I expect the same output with or without lazy regardless of one or multiple keys.

Installed versions

ritchie46 commented 1 week ago

What kind of panic do you get? Can you show the stack trace?

sdrap commented 1 week ago

Backtrace = 1 I get this (the first counter examples with cols)

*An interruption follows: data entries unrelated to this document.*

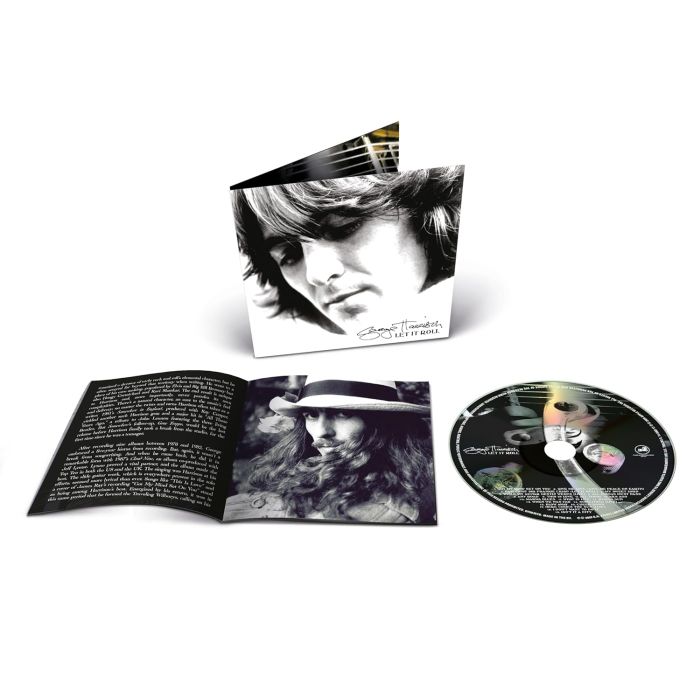 GEORGE HARRISON - LET IT ROLL - SONGS BY GEORGE HARRISON (DELUXE EDITION)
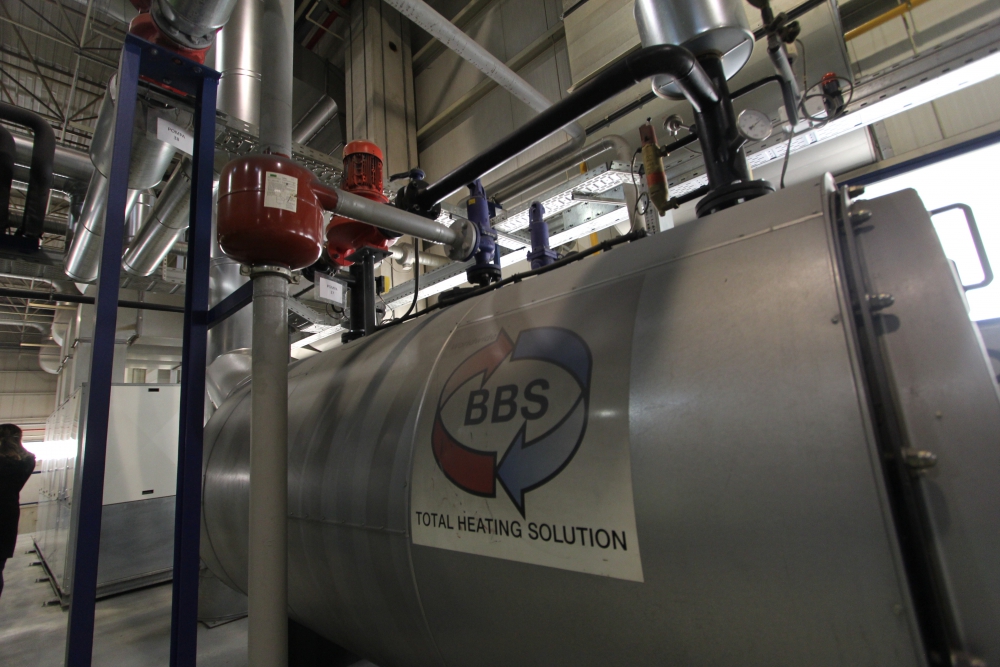 Krone Treyler Tire-İzmir Fabrikası 7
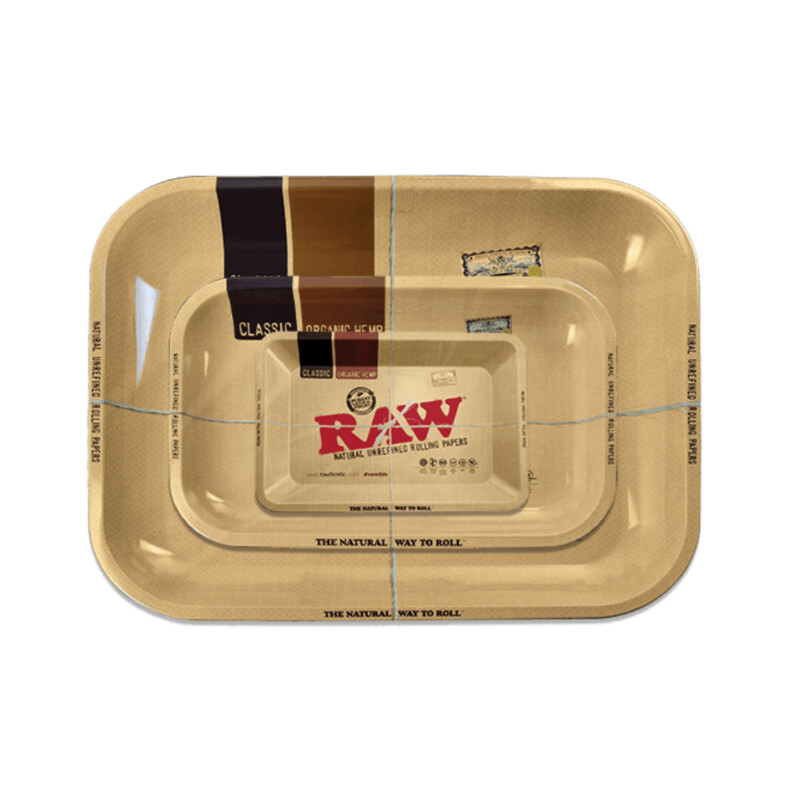 RAW Classic Rolling Tray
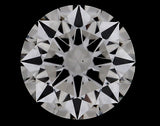 0.23 carat Round diamond D  VS2 Excellent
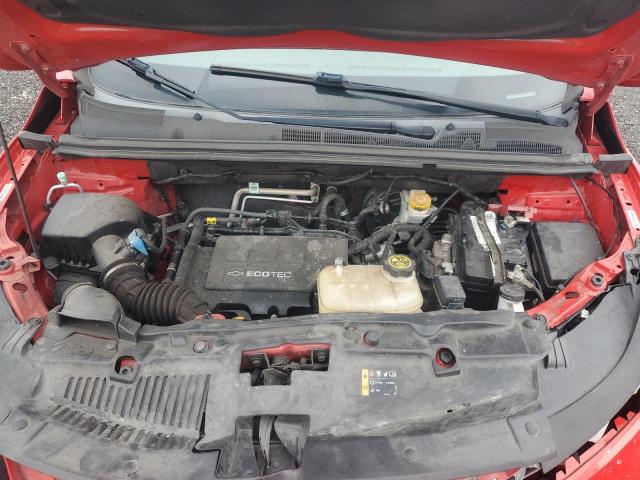 Photo 12 from auction – 2018 CHEVROLET TRAX 1LT with VIN 3GNCJLSB4JL214303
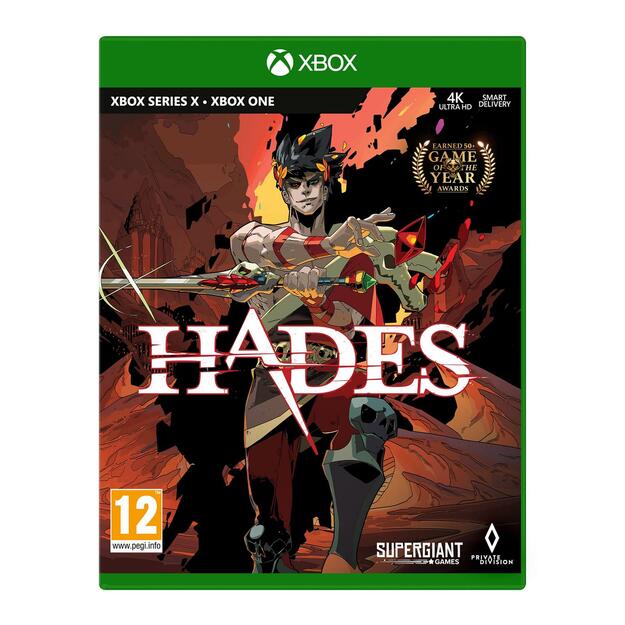 Hades (XONE/XSERIESX)
      
        - Xbox Series X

thread 'main' panicked at /home/sdrapeau/.cargo/registry/src/index.crates.io-6f17d22bba15001f/polars-plan-0.40.0/src/logical_plan/conversion/expr_to_ir.rs:367:33:
no `columns` expected at this point
stack backtrace:
   0: rust_begin_unwind
             at /rustc/129f3b9964af4d4a709d1383930ade12dfe7c081/library/std/src/panicking.rs:652:5
   1: core::panicking::panic_fmt
             at /rustc/129f3b9964af4d4a709d1383930ade12dfe7c081/library/core/src/panicking.rs:72:14
   2: polars_plan::logical_plan::conversion::expr_to_ir::to_aexpr_impl::{{closure}}
             at /home/sdrapeau/.cargo/registry/src/index.crates.io-6f17d22bba15001f/polars-plan-0.40.0/src/logical_plan/conversion/expr_to_ir.rs:367:33
   3: stacker::maybe_grow
             at /home/sdrapeau/.cargo/registry/src/index.crates.io-6f17d22bba15001f/stacker-0.1.15/src/lib.rs:55:9
   4: polars_plan::logical_plan::conversion::expr_to_ir::to_aexpr_impl
             at /home/sdrapeau/.cargo/registry/src/index.crates.io-6f17d22bba15001f/polars-plan-0.40.0/src/logical_plan/conversion/expr_to_ir.rs:108:1
   5: polars_plan::logical_plan::conversion::expr_to_ir::to_aexpr_impl_materialized_lit
             at /home/sdrapeau/.cargo/registry/src/index.crates.io-6f17d22bba15001f/polars-plan-0.40.0/src/logical_plan/conversion/expr_to_ir.rs:104:5
   6: polars_plan::logical_plan::conversion::expr_to_ir::to_aexpr
             at /home/sdrapeau/.cargo/registry/src/index.crates.io-6f17d22bba15001f/polars-plan-0.40.0/src/logical_plan/conversion/expr_to_ir.rs:26:5
   7: polars_plan::dsl::expr::Expr::to_field_amortized
             at /home/sdrapeau/.cargo/registry/src/index.crates.io-6f17d22bba15001f/polars-plan-0.40.0/src/dsl/expr.rs:313:20
   8: polars_plan::logical_plan::schema::det_join_schema
             at /home/sdrapeau/.cargo/registry/src/index.crates.io-6f17d22bba15001f/polars-plan-0.40.0/src/logical_plan/schema.rs:317:29
   9: polars_plan::logical_plan::conversion::dsl_to_ir::to_alp_impl::{{closure}}
             at /home/sdrapeau/.cargo/registry/src/index.crates.io-6f17d22bba15001f/polars-plan-0.40.0/src/logical_plan/conversion/dsl_to_ir.rs:354:17
  10: stacker::maybe_grow
             at /home/sdrapeau/.cargo/registry/src/index.crates.io-6f17d22bba15001f/stacker-0.1.15/src/lib.rs:55:9
  11: polars_plan::logical_plan::conversion::dsl_to_ir::to_alp_impl
             at /home/sdrapeau/.cargo/registry/src/index.crates.io-6f17d22bba15001f/polars-plan-0.40.0/src/logical_plan/conversion/dsl_to_ir.rs:59:1
  12: polars_plan::logical_plan::conversion::dsl_to_ir::to_alp
             at /home/sdrapeau/.cargo/registry/src/index.crates.io-6f17d22bba15001f/polars-plan-0.40.0/src/logical_plan/conversion/dsl_to_ir.rs:53:5
  13: polars_plan::logical_plan::optimizer::optimize
             at /home/sdrapeau/.cargo/registry/src/index.crates.io-6f17d22bba15001f/polars-plan-0.40.0/src/logical_plan/optimizer/mod.rs:94:22
  14: polars_lazy::frame::LazyFrame::optimize_with_scratch
             at /home/sdrapeau/.cargo/registry/src/index.crates.io-6f17d22bba15001f/polars-lazy-0.40.0/src/frame/mod.rs:542:22
  15: polars_lazy::frame::LazyFrame::prepare_collect_post_opt
             at /home/sdrapeau/.cargo/registry/src/index.crates.io-6f17d22bba15001f/polars-lazy-0.40.0/src/frame/mod.rs:595:13
  16: polars_lazy::frame::LazyFrame::_collect_post_opt
             at /home/sdrapeau/.cargo/registry/src/index.crates.io-6f17d22bba15001f/polars-lazy-0.40.0/src/frame/mod.rs:616:49
  17: polars_lazy::frame::LazyFrame::collect
             at /home/sdrapeau/.cargo/registry/src/index.crates.io-6f17d22bba15001f/polars-lazy-0.40.0/src/frame/mod.rs:646:9
  18: playground::main
             at ./src/main.rs:27:27
  19: core::ops::function::FnOnce::call_once
             at /rustc/129f3b9964af4d4a709d1383930ade12dfe7c081/library/core/src/ops/function.rs:250:5
note: Some details are omitted, run with `RUST_BACKTRACE=full` for a verbose backtrace.